= Financial Services Act 2010 =

The Financial Services Act 2010 (c. 28) is an Act of the Parliament of the United Kingdom which regulates bonuses paid to employees of banks.

It was announced on 27 September 2009 by Prime Minister Gordon Brown on The Andrew Marr Show on BBC One. Brown said that the new law would be included in the next Queen's speech and was the result of talks at the G20 summit in Pittsburgh where other countries were looking at similar action. He also said that the Act's purpose would be to ensure that bankers after the global economic crisis do not go back to "business as usual".

The overall purpose of the Act is "to improve levels of confidence in the banking sector by limiting its losses and by supporting its economic revival.
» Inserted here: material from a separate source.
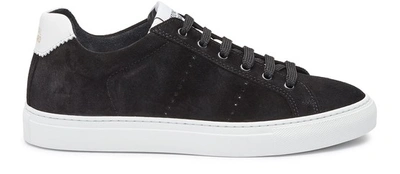 Shop National Standard Edition 4 Trainers In Black Suede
The Act received Royal assent on 8 April 2010." It came into effect on 8 June 2010.

The Act was called in 2010 "a milestone with regard to the regulation of the financial sector in the UK."

==Provisions==
The Act has amongst its several provisions:
1. to require rules for remuneration of "authorised persons," (Para. 11)
2. to include penalties for banks that do not follow a set of standards for methods of remuneration, and a "resolution plan," (Para. 12, 14)
3. to prohibit or to "require disclosure of," Short selling. (Para. 13)

In particular, the remuneration provisions are designed to reduce systemic risk, or "risk culture".